Fintan O'Toole: Irexit would be the end of Irish nationalism

A campaign to get Ireland to follow Britain out of the EU is doomed to fail

What Europhile quisling said this: “Ireland belongs to Europe by history, tradition and sentiment no less than by geography. Our destiny is bound up with that of Europe . . . Our people have always tended to look to Europe for inspiration, guidance and encouragement”?

That was Seán Lemass, who fought in the 1916 Rising as a boy, took the anti-Treaty side in the Civil War, built Fianna Fáil and could never be thought of as anything other than an Irish nationalist. He was speaking in Brussels in January 1962 on Ireland’s hopes of joining what was then the European Economic Community. He stressed that he fully understood that Ireland was seeking to be part of a project that was about much more than economics and that he spoke “in full awareness” of the EEC’s underlying aim of “ever-closer union”.

The logic of Irexit would be for Ireland to rejoin the UK – and that's why it hasn't a hope

For all the fantasies of Nigel Farage and John Waters, Ireland will not follow the UK out of the European Union. It won't do it for reasons that Farage and his new-found Irish acolytes fail to fathom but that Lemass fully understood. Brexit is an authentic English nationalist revolution, even if it depends on a ludicrous notion of the EU as England's imperial oppressor. Irexit would not be an Irish nationalist revolution. On the contrary, it would be the end of Irish nationalism.
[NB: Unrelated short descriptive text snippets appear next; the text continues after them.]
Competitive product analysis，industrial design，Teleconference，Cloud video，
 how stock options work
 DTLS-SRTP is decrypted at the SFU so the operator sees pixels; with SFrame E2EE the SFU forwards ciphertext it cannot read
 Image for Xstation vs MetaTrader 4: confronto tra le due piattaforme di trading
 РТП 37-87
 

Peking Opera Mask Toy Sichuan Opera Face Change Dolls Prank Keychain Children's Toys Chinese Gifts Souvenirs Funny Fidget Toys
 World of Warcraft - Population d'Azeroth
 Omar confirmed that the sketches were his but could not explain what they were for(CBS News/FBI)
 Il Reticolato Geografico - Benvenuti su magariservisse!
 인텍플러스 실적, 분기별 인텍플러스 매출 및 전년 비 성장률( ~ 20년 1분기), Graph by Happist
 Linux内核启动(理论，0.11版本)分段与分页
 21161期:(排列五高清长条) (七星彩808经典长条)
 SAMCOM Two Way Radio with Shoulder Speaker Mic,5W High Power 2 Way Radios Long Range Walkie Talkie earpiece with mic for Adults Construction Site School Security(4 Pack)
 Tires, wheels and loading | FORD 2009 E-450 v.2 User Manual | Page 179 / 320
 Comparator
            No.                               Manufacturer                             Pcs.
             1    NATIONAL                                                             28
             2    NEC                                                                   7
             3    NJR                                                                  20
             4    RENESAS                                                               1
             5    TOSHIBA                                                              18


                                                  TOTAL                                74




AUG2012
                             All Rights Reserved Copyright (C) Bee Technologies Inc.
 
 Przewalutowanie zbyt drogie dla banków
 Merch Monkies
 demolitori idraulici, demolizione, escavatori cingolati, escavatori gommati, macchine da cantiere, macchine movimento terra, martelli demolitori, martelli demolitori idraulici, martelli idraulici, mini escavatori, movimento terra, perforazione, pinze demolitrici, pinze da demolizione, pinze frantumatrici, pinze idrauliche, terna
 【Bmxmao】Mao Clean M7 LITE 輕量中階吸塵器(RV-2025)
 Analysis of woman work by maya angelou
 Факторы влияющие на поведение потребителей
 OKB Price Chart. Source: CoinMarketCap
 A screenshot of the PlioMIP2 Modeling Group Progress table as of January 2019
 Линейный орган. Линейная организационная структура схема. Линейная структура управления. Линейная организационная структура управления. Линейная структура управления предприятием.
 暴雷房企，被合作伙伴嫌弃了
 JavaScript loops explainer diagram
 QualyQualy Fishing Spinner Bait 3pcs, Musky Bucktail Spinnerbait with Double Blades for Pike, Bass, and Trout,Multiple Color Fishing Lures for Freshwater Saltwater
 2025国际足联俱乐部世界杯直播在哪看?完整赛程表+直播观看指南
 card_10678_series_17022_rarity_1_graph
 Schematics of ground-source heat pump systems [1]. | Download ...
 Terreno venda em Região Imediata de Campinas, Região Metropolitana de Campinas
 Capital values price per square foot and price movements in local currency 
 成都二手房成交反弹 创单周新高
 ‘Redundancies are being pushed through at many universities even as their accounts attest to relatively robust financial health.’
The logic of Irexit would be for Ireland to rejoin the UK – and that's why it hasn't a hope.

Satellite state

If we were to be brutal about it and strip away all the undoubted psychological satisfactions of nationhood, Irish independence was largely notional until we joined the EEC in 1973. In some ways, Ireland was rather like what Britain could yet become after Brexit – a satellite state. We were no longer represented at Westminster but we played largely by British rules. There were grand moments of national self-assertion (most obviously Irish neutrality during the second World War) but day-to-day realities, as Lemass understood, were the realities of dependency. Our people continued to emigrate to British cities. Our economy was a British backwater.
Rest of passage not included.